In 2013, Kathleen Kane, the Pennsylvania Attorney General, announced the conclusion of a two-year investigation into the operations of the Hershey Trust Company, in which the Office of Attorney General and the Hershey Trust Company agreed that there was a finding of no wrongdoing, but reforms were required of the trust company.

===2016 developments===
In May 2016, the state attorney general asked the company to remove three members from the ten-person board. The attorney general said that the three had allowed "apparent violations" of the 2013 agreement. At about the same time, in an unrelated investigation, John Estey, former chief of staff to Governor Ed Rendell and a high-ranking executive of the company, was charged with wire fraud, having pocketed $13,000 that an FBI sting operation had given to him in an investigation into illegal lobbying of legislators.

==Trusts==
===Milton Hershey School Trust===
Hershey Trust serves as the trustee of the Milton Hershey School Trust. The trust provides the funding for the 2,000+ student Milton Hershey School, which provides education for lower-income children. As of 2021, the trust had $17.4 billion of assets. Its assets include Hershey Entertainment and Resorts Company, a controlling stake in the Hershey Company, and ownership of the Hershey Trust Company itself.

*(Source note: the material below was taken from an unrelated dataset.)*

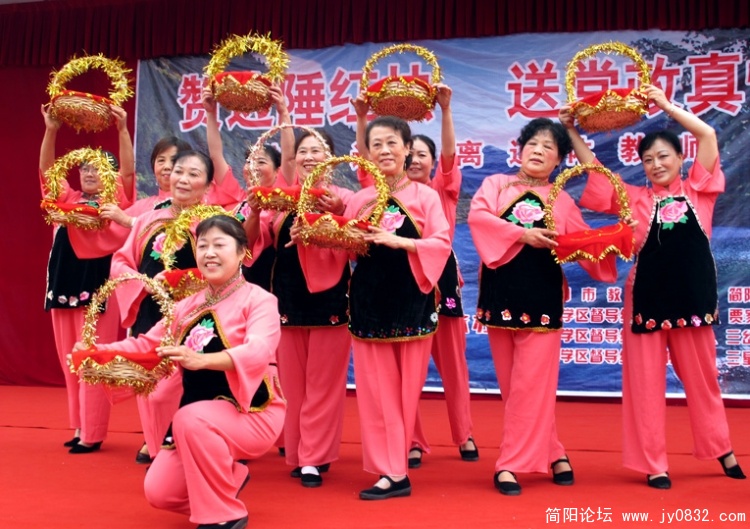 舞蹈《大红枣儿甜又香》副本.jpg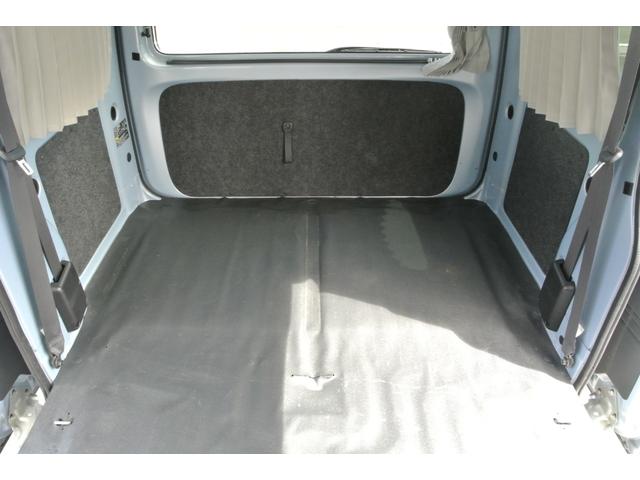 ハイゼットカーゴ ＤＸ　パートタイム４ＷＤ　パワーウィンドウ　キーレス　純正ナビ　フルセグテレビ　４速オートマ　Ｗエアバッグ　ＡＢＳ　ハイルーフ　両側スライドドア（65枚目）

The trust was created in 1909 by a deed of trust from Milton and Catherine Hershey, granting 486 acres of land in Hershey for the establishment of the Milton Hershey School. In 1918, Milton Hershey quietly donated to the trust the bulk of his fortune, $60 million of stock in Hershey Chocolate Company (now the Hershey Company).

In 2020, courts approved the school's plan to open six preschools in Pennsylvania that would offer free services to children from low-income homes. The Hershey School Trust provided $350 million to establish the early childhood centers, the first of which was opened in 2023. The plan arose partly in response to public pressure on Hershey Trust to use more of its accumulated wealth for the public good.

===Milton S. Hershey Foundation===
The company administers the Milton S. Hershey Foundation, which operates:
- Hershey Cemetery
- Hershey Community Archives
- Hershey Gardens
- The Hershey Story (museum)
- Hershey Theatre

The foundation also endowed the Penn State Milton S. Hershey Medical Center in 1963 through a gift of $50 million using funds provided by the Milton Hershey School Trust.

===Other trusts===
Hershey Trust also serves as trustee of the Hershey Cemetery Perpetual Care Maintenance Trust.

The company was trustee of the Milton S. Hershey Testamentary Trust until 2012. This trust was established in 1945 upon Milton Hershey's death, endowed with his remaining fortune of $900,000, for the benefit of the Derry Township School District. The trust assets grew to $24 million as of 2012, supporting an annual payment to the school district of $1.8 million.